米国のグーグルをはじめとする巨大IT企業の台頭により、私たちの生活は劇的に便利になりました。その一方で、市場を独占するプレイヤーへの風当たりは世界中で強まっています。こうした時代の変化に伴い、企業の公正な取引を守るための「独占禁止法」の適用範囲が、かつてないほどに広がっているのをご存じでしょうか。インターネット上でも「GAFA規制はどこまで進むのか」「中小企業や消費者は守られるのか」といった、将来を不安視する声や期待が渦巻いています。
競争当局の動向を見守り続けている東京大学の白石忠志教授は、この法制度の現状について非常に興味深い視点を示しています。先生の解説によると、独占禁止法というものはあらゆる商品やサービスに平等に適用できる、極めて柔軟な性質を持った法律なのだそうです。だからこそ、今までは法律の光が十分に届いていなかった最先端のデジタル領域に対しても、柔軟に切り込んでいくことができる可能性を秘めているのでしょう。
二重基準の危険性と企業に広がる困惑の渦
しかし、適用範囲が広がる一方で、新たな課題も浮き彫りになってきました。公正取引委員会は、立場の強い企業が弱い立場にある取引先を不当にいじめる「優越的地位の乱用」というルールの適用を、個人情報の取り扱い分野にまで拡大しようとしています。ここで白石教授が警鐘を鳴らすのが、伝統的な大型小売業に対する基準と、新しい個人情報のガイドラインに記された基準との間で、お互いの整合性が本当に取れているのかという視点です。
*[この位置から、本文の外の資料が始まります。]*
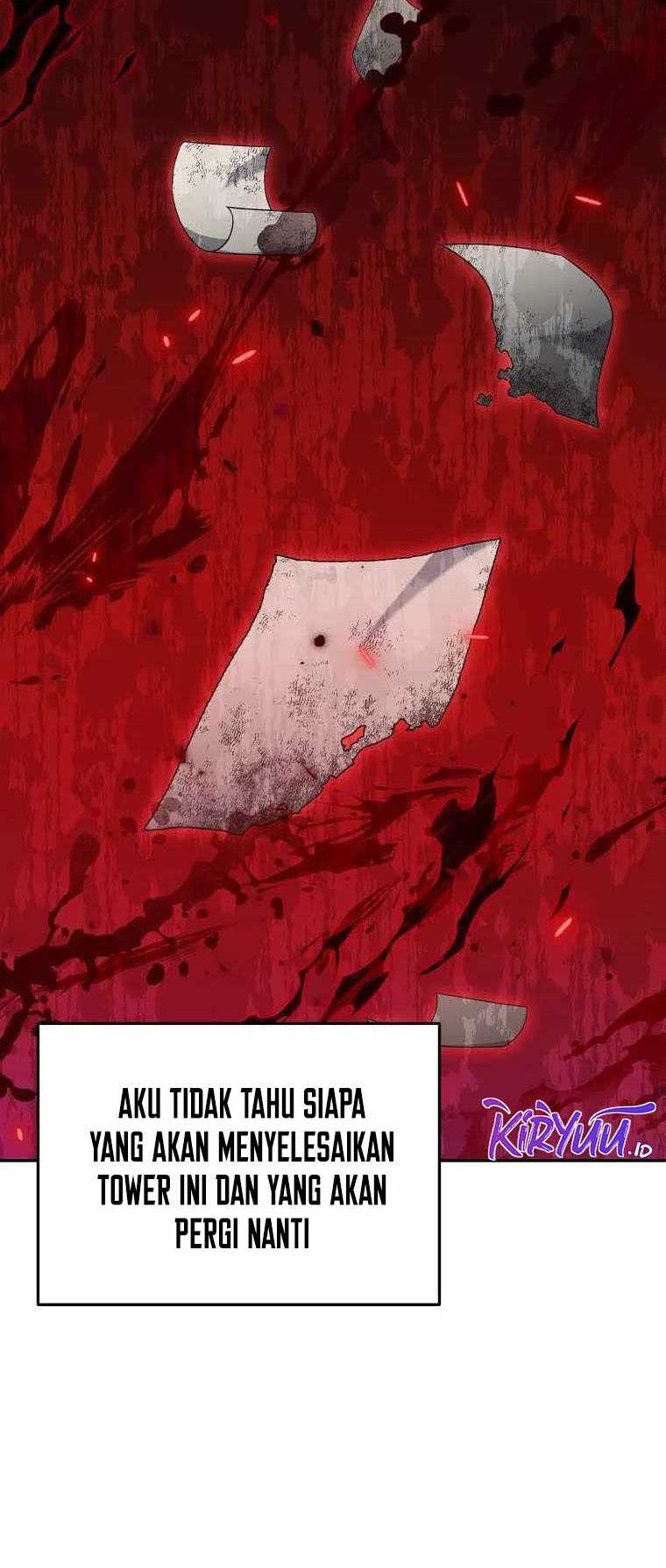 Climbing the Tower that Even the Regressor Couldn’t Chapter 45 Gambar 53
目先の案件ごとに異なるルールが適用されるような「二重基準」が存在すれば、ビジネスの現場は混乱に陥ってしまうでしょう。SNSでは「新しい分野のルールが不透明だと、企業が新しい挑戦をためらって萎縮してしまうのではないか」という懸念の声が数多く上がっています。本来であれば行政機関の判断が間違っていると感じた場合、企業は裁判所で正々堂々と争うことができます。公取委の言葉だけで事実上のルールが作られないための仕組みが不可欠です。
行政の暴走を防ぎ、社会全体で判断のバランスを保つためのチェック体制を構築することは、健全な市場経済を守るために極めて重要であると私は考えます。法解釈の主導権が行政機関だけに握られてしまえば、企業の自由なイノベーションを阻害しかねません。だからこそ、司法の場がしっかりと機能し、監視の目が光る社会を目指す必要があるはずです。
確約手続きの透明性と国際社会での日本の立ち位置
実際に、新しい法運用の試みはすでに始まっています。2019年10月には、公取委の調査を受けた企業が自ら改善計画を提出して問題を解決する「確約手続き」という制度が、日本で初めて適用されました。これは楽天トラベルの事案で導入されたものですが、現時点で公表されている資料は、どのような約束が交わされたのかが非常に簡潔に書かれているに過ぎません。これでは、社会が内容の是非を判断するのは不可能です。
同業他社への調査が完了した段階で、より詳細な情報が広く開示されるべきでしょう。情報が透明化されて初めて、私たち社会全体がその内容をチェックし、議論を深めることができるようになるからです。インターネット上でも、この初めての試みに対して「不透明な合意で終わらせるのではなく、何がダメだったのかを明確にしてほしい」という、プロセスのクリーンさを求める意見が目立っています。
さらに、巨大IT企業への規制を巡っては、国際的な哲学の違いも影響しています。米国には「合法的に勝った勝者が利益を得るのは当然であり、国が規制すべきではない」という強い資本主義の思想が存在します。一方で欧州連合は、極端なケースでは規制のメスを入れるべきだという立場を取ってきました。近年は世界的にこの欧州の手法が影響力を強めており、日本もその潮流を色濃く受けている状況です。
現在の日本政府の動きを見ていると、欧州と同じように「優越的地位の乱用」を適用して、弱い立場にある取引相手を保護しようとする傾向が一段と強まっています。国際的な法規制のトレンドを敏感に察知し、自国の経済活動にどう調和させていくかが、これからの日本の未来を大きく左右する重要な鍵となるはずです。